L’Adam, qui avait été conçu à la réplique et à la
ressemblance de D., possédait par conséquent
un QI supérieur même à celui d’Einstein; les Textes nous disent, qu’il
était en mesure de voir jusqu’à l’extrémité du monde, donc, aussi, jusqu’à la fin des temps. Sa vision limpide
de l’espace-temps; lui-même étant matière animée et pensante grâce au souffle
divin, lui interdisait de commettre une erreur aussi grossière que de désigner
le loup, « agneau ». Il savait que toute
erreur de désignation pouvait entrainer le monde au chaos originel ; son choix
de nom pour les êtres animés se devait d’être parfait. Et surtout immuable. Le
chien,chien, sera chien et s’appellera « chien » pour toujours, et surtout, se
verra attribuer la mission d’un chien, afin qu’il soit et demeure dans le rôle
qui lui était imparti, et afin que l’ordre règne dans l’univers.
D. se place en retrait et observe avec bienveillance l'Adam,
l’être créé à Sa Ressemblance, nommer les créatures vivantes créées par Lui,
non pas, parce qu’Il n’a pas le pouvoir/savoir de le faire, mais pour laisser à
l’homme le soin de diriger le monde qu’il n’a pas construit, et de tenter d'y installer une certaine harmonie.
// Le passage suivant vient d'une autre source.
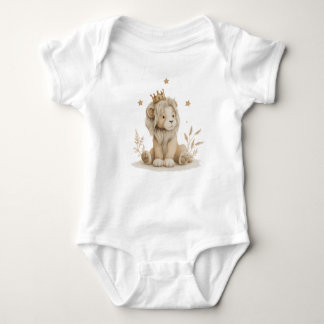 Body Para Bebé Petit Lion Royal à Couronne Dorée – Aquarelle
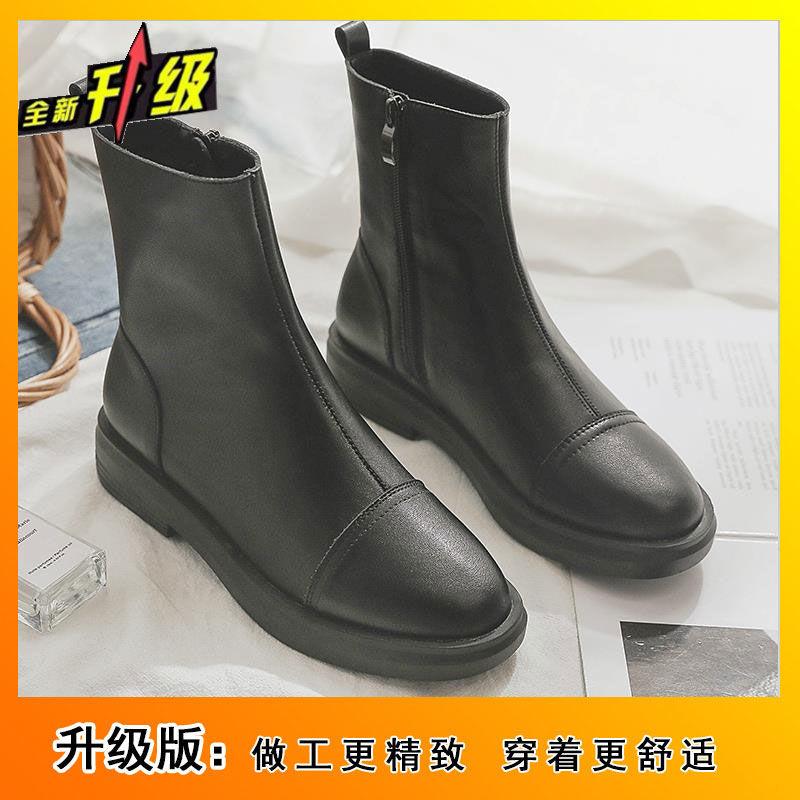 Martin Boots Women's 2025 Autumn and Winter New Flat-bottomed Zipper British Style Casual Velvet Single Boots Low-top Versatile Short Boots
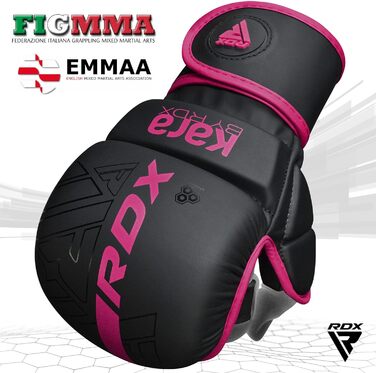 RDX MMA рукавички для бойових мистецтв, рожеві, XS-S, шкіра Maya Hide, для греплінгу, спарингу, муай тай, кікбоксингу, фріфайту та боксу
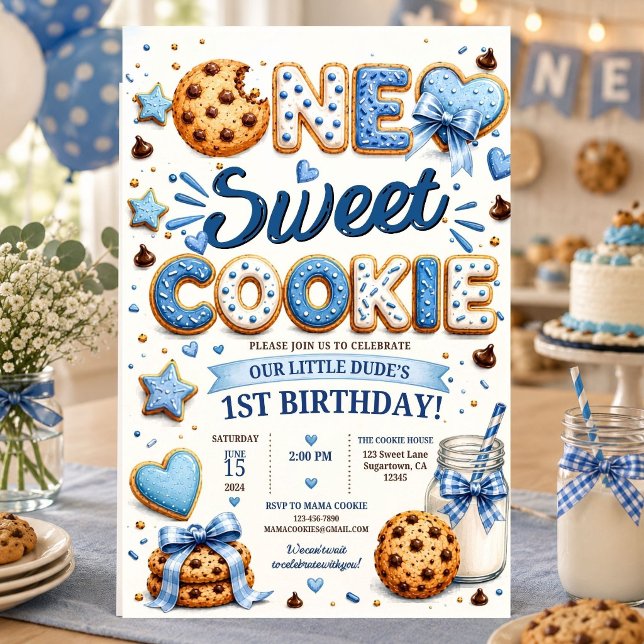 One Sweet Cookie Boy First Birthday Blue  Invitation (Creator Uploaded)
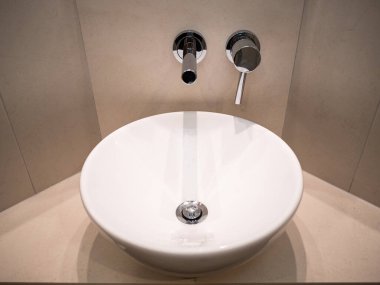 kentsel daire - modern beyaz oval gemi lavabo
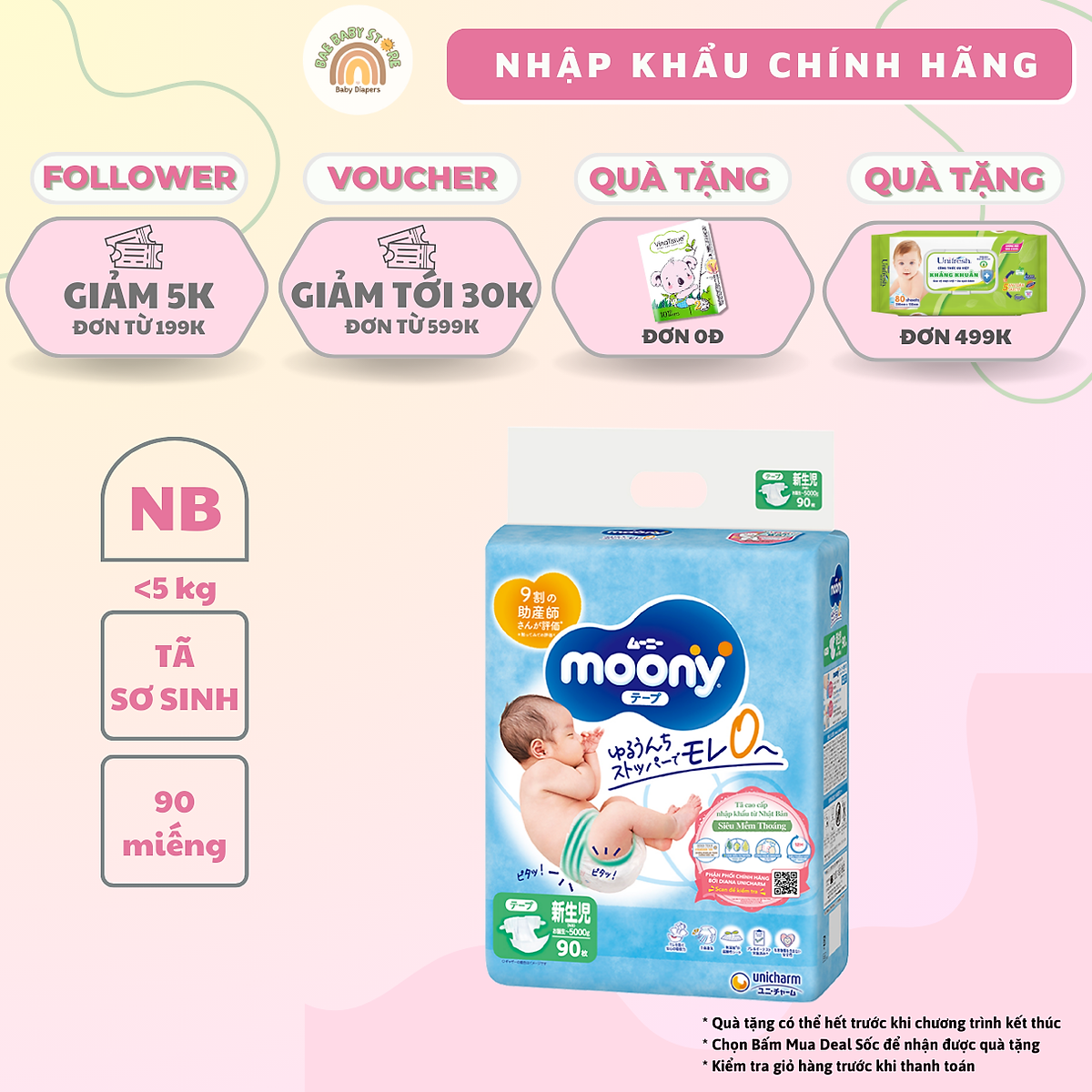 Tã dán sơ sinh Moony Newborn 90 miếng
Adam, en véritable superman, accomplit la tâche de départ qui
consiste à compléter l’œuvre divine en mettant de l'ordre dans l’Univers, qui
vient tout juste de naître, en désignant les choses par leur nom, donc, en
plaçant chaque chose et chaque être à sa place. Les aléas de l’histoire et la
stupidité des hommes vont entrainer une confusion entre le nom et la chose désignée : l’amour
devient perversion, le pouvoir qui se doit d’être au service du
peuple, l’asservit et l’humilie, d’où désordre et misère. Arrive Confucius qui
nous dit que dans une société imparfaite, l’important est : « de rectifier les
noms » … qui se sont pervertis.
Adam a fait du bon boulot ; la meilleure preuve, D. l’a
laissé faire sans intervenir. Il le récompense même pour ce travail en lui
fabriquant une compagne.
Une question demeure irrésolue: en quelle langue Adam désigne
t-il les animaux ?
La tradition juive voit dans l’hébreu, la langue originelle
qui donna naissance aux autres langues. Une étroite parenté entre l’hébreu et
les autres langues a pu être constatée entre les termes se rapportant aux
éléments dont l’usage était connu aux stades primitifs
de la civilisation : nom des planètes et des astres, nom des minéraux, nom des
plantes, désignation des êtres humains (âge, sexe, parties du corps, famille et
parenté), désignation de l’espace et du temps, des nombres et des mesures,
désignation des métiers ou activités primaires, de la guerre et des armes et, bien entendu … nom des animaux. La démonstration
serait longue et n’apporte rien à notre sujet. Il est donc plus que vraisemblable
qu’Adam ait nommé les animaux en hébreu.
Mais ce sont là des
chinoiseries juives. Une chose est certaine: Confucius s’inscrit en droite
ligne de l’Adam pointilleux dans la désignation des choses et des êtres pour
qu’un minimum d’ordre règne dans l’univers. Il faut rectifier les noms !!